Overall, we’re quite pleased with the Automatic experience and how it’s changed how we drive. Without caring what the scoring system actually means, we try to score highly with each drive, because we know it’s saving us money.
+ Noninvasive and easy to install
+ Free smartphone application, no subscription
+ Pays for itself over time
+ Works as an OBD-II reader
+ Saves GPS location of where you last parked your car
– Relatively steep initial price
– No storage, requires a smartphone to work
– Can only be setup with one car at a time
– Only supports regular octane fuel, not premium
Pricing and Availability
Automatic is available today within the US. The Automatic application can be downloaded from the Apple App Store, free of charge, and the Automatic Link module can be purchased for $99.95 from the Automatic website. Currently, Android is not supported. But you can purchase the Automatic Link, and the Android beta application will launch in December. It will use the same module.
Automatic works with almost every gasoline-powered car released in the US since 1996, according to its site. It only works with gasoline-driven cars, or hybrids which use gasoline, however. Diesel engines use different computers, which Automatic does not currently support. You can check your car’s compatibility from the Automatic order page.
The team would like to make Automatic available outside the US, eventually, as well as support diesel engines.
After nearly a week with Automatic, we walk away impressed. Could you do the math yourself? Absolutely. It’s very simple math, actually. But that’s not the point. Automatic is effortless and keeps track of everything while also reminding you, in real time, that you should take more care when hitting the gas or brake. Plug it in, and forget about it. Let it do all the work.
The name is very fitting.
As any new product will, however, Automatic has a few quirks. We’d love the ability to choose between premium and regular gas, and fortunately we will have that option in the future. And we can’t help but feel some hard accelerations and brakes weren’t justified. Not to mention, some local highways have a speed limit of 70mph, meaning the Link will chirp. You can turn the audio feedback off, but the Link will continue to monitor your driving and dock points, even though you’re only following the rules of the road.

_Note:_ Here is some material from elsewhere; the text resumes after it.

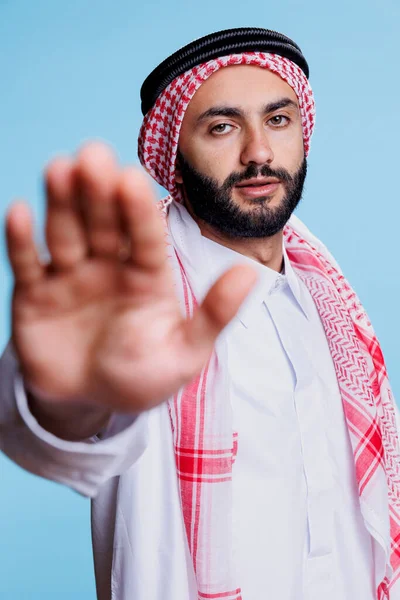 自信的穆斯林男子用手掌和镜头制作禁止停车标志 身着传统服装的严肃的阿拉伯男子以手绘肖像表示拒绝姿态 — 图库照片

No less, the inbuilt average miles per gallon reading on the console of our car has gone up since installing Automatic, and we’re infinitely more mindful of our driving – how hard we’re stomping the pedals. And having a constant translator – an OBD-II reader – always present to help your car communicate directly to you when it’s having trouble is unbelievably useful.
Since using Automatic, we’re consistently more aware of the money we’re wasting each time we stomp the gas instead of easing on the pedal.
And that’s where the point and usefulness of Automatic could become disjointed for some. If you care about saving every last penny, driving more safely, and knowing more about the status of your car at all times, Automatic is a bargain for $100. Depending on how serious you take it and how much you drive, it could pay for itself in gas savings in no time. If you instead drive for the thrill of it, enjoy the roar of an engine, and care less about the cost of gas or how much you’re burning at all times, Automatic certainly isn’t for you. You can buy an OBD-II reader for under $20 and do the rough math in your head like you’ve been doing for years.
Even then, the Crash Alert alone (once it’s out of beta), is a compelling argument for the Automatic service.
We here at Pocketnow plan to continue using Automatic during our routine trips around town or to and from the office. But we’ll probably toss it in the glove box (or simply turn off the audio feedback) for those weekend trips down winding backroads.